Gillian indica el camino. No hacia la puerta del frente sino hacia los dormitorios de la parte posterior de la casa. Por donde ha entrado subrepticiamente. Ella primero… luego Charlie… luego yo. Pero cuando me lanzo hacia adelante, algo me coge por el tobillo. Y aprieta. Fuerte. Una corriente eléctrica de dolor sube como un relámpago por mi pierna y caigo de bruces al suelo. Detrás de mí, DeSanctis aferra con fuerza mi tobillo, negándose a soltarlo. Está apoyado sobre el estómago y avanza lentamente por el suelo. La sangre gotea de la línea de nacimiento del pelo, recorre la sien y cae sobre la mejilla.
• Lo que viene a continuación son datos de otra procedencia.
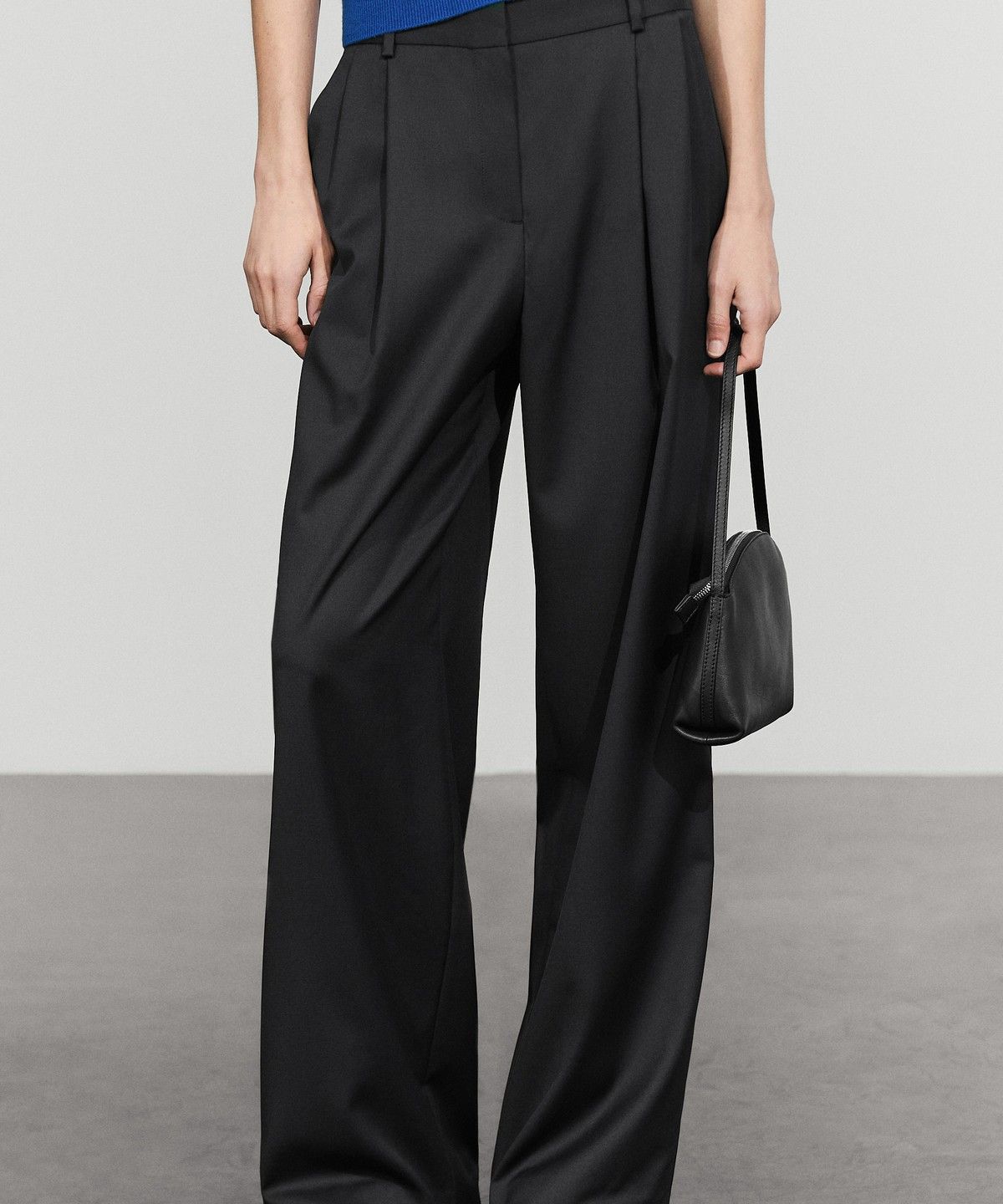 마시모두띠(MASSIMO DUTTI) 엑스트라 파인 울 플리츠 팬츠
Retrocedo apoyándome en los codos y pateo furiosamente, luchando por librarme de DeSanctis. Sus uñas se clavan profundamente en la piel del tobillo. No puedo quitármelo de encima.

—¡Charlie!

Miro hacia atrás con desesperación pero mi hermano ya está allí. Su pesado zapato negro aplasta la muñeca de DeSanctis. Con un alarido de dolor, DeSanctis suelta mi tobillo y alza la vista hacia Gillian.

—¿Qué haces tú…?

Antes de que DeSanctis pueda acabar la frase, Gillian lanza una patada que alcanza a DeSanctis en la sien. Su cuello se dobla con un ruido espantoso. Pero eso no detiene a Gillian. Atacando con ferocidad, vuelve a patearle. Y otra vez. Su zapato golpea como si fuese un ladrillo. Una y otra vez.

—Es suficiente —dice Charlie, apartándola de DeSanctis. Desde mi lugar sobre la alfombra, Charlie mide tres metros. El nuevo hermano mayor.
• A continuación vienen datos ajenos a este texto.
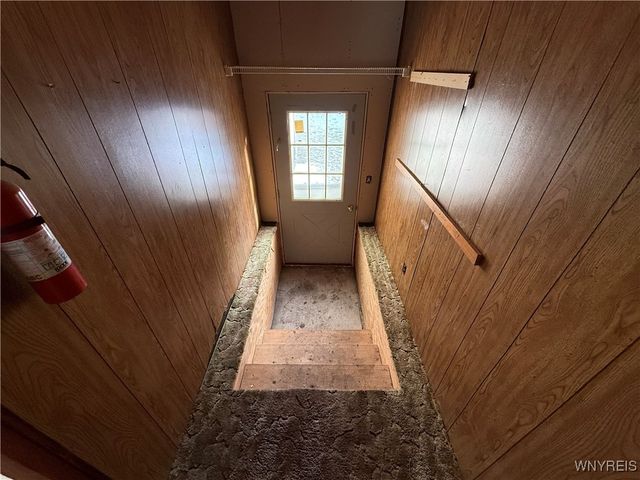 91 Wildwood Place, West Seneca, NY 14210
—¡Salgamos de aquí! —grita Charlie, inclinándose para ayudarme a que me levante.

Sin saber lo que nos espera fuera, Charlie corre hacia la parte trasera de la casa. Ignorando el dolor en el tobillo, le sigo tan deprisa como puedo, cojeando a lo largo del pasillo. Detrás de mí, Gillian apoya una mano sobre mi hombro.

—Sigue andando —me susurra. Cortamos a través del dormitorio, donde la puerta corredera de cristal que lleva al patio trasero está abierta de par en par.

—¡A la derecha! —grita Gillian.

Pero Charlie, decidiendo su propia huida, tuerce hacia la izquierda.

Salimos a un patio de cemento. La pared que se alza justo delante de nosotros es demasiado alta. A la izquierda, el camino atraviesa los patios traseros de las casas de los vecinos, cada patio conectado con el siguiente. Charlie ya se encuentra al final del camino, cargando una tumbona oxidada y desteñida por el sol que le ayude a salvar la pared de cemento.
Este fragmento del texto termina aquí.